I joined with (online) groups with women who are also going through this transformation. Ninety-eight percent of the women look better in their real hair color, versus their dyed hair.

Luckily for me, my mate, family, and friends are supportive. Unfortunately, the women in these groups and I have all received negative comments from the people in our lives, and even from strangers. People tell us: “You’re going to look old; you’re letting yourself go; I’ll pay for you to have your hair dyed; no man will ever date you; nobody will hire you…” and so forth.

I would never think to criticize someone’s appearance. I keep those opinions to myself. Don’t people realize how hurtful these comments are? Do they really think their negative comments are helpful? Why can’t women be silver foxes like men are?

— My Hair, My Choice

Dear My Hair: Yes, women CAN be silver foxes – and silver hair is definitely chic.


When it comes to unsolicited comments about your looks, you have a legitimate beef. However, understand that when you join an online group whose sole focus is to commiserate about hair color, you’re going to spend a certain amount of time discussing how people look.

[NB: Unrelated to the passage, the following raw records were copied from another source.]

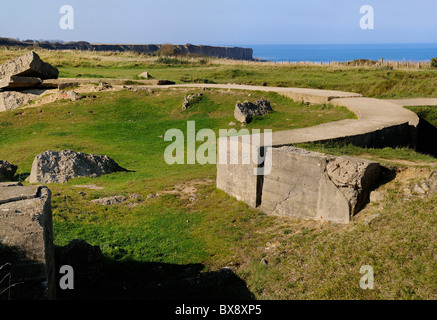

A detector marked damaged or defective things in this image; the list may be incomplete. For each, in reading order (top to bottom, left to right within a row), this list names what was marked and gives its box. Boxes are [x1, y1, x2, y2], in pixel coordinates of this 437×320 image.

broken concrete slab [0, 51, 58, 79]
broken concrete slab [258, 146, 378, 224]
broken concrete slab [0, 184, 55, 298] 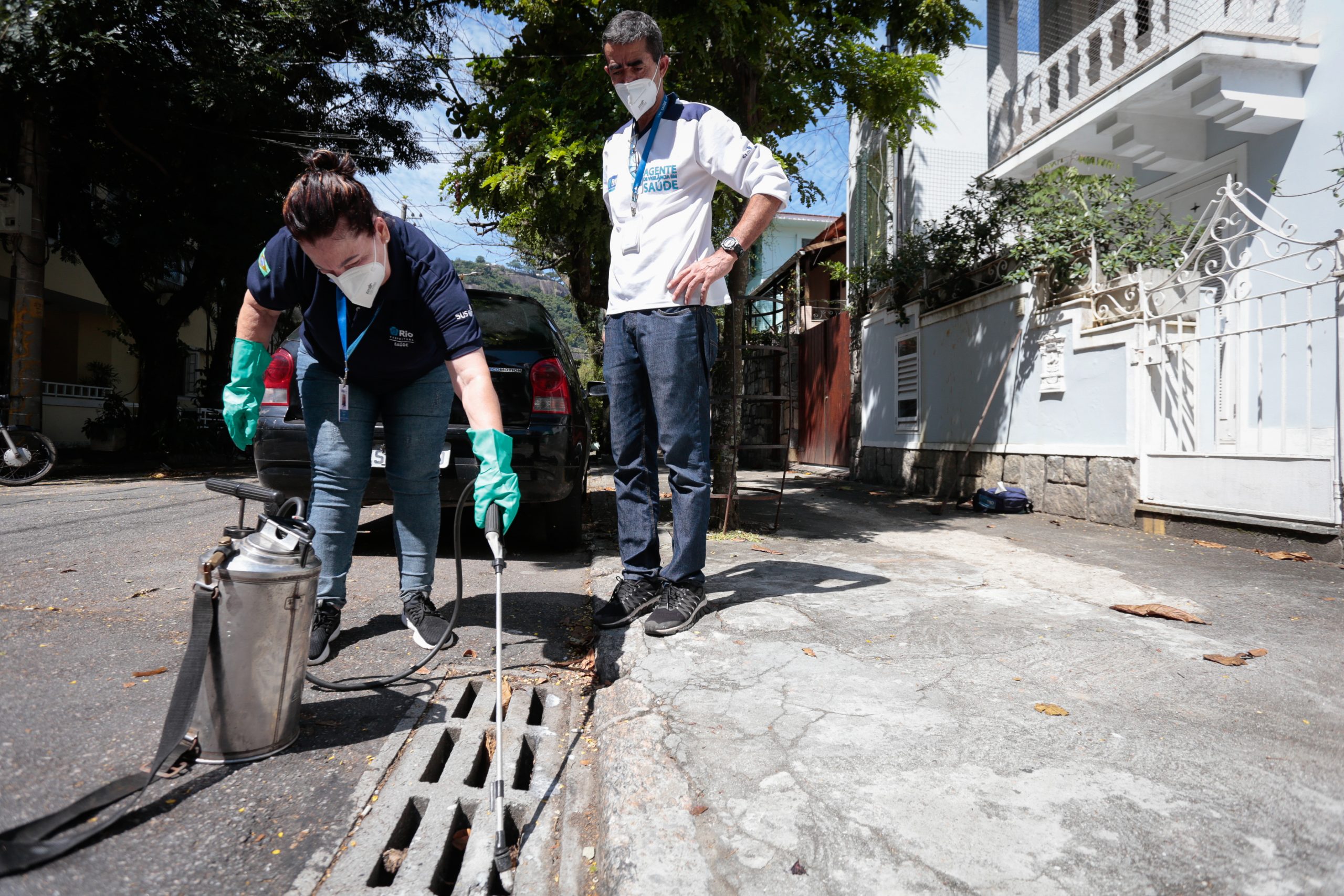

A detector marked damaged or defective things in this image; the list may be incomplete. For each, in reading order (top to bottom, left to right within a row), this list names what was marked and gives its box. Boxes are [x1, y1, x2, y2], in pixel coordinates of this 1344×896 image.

cracked pavement [589, 472, 1344, 892]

You yourself have chosen to declare that “98 percent of women look better in their real hair color,” which is a subjective and superficial value judgment. Aren’t you now harshly judging people who choose to dye their hair? (Full disclosure: I’ve been dyeing my own hair – at home – for over 20 years.)

I’m going to take a stab at guessing that many of these negative comments are coming from other women. In a perfect world, we would all be free to make choices about our bodies and clothing without running the gauntlet of unsolicited comments, but we make these choices to please ourselves (and often, others). And people in general are social, communal budinskis.

You need only to decide how to respond. To a stranger: “Umm, do I know you? Why are you sharing your opinion with me?” To a friend/family member: “I think I look great, and honestly, that’s all that matters to me.”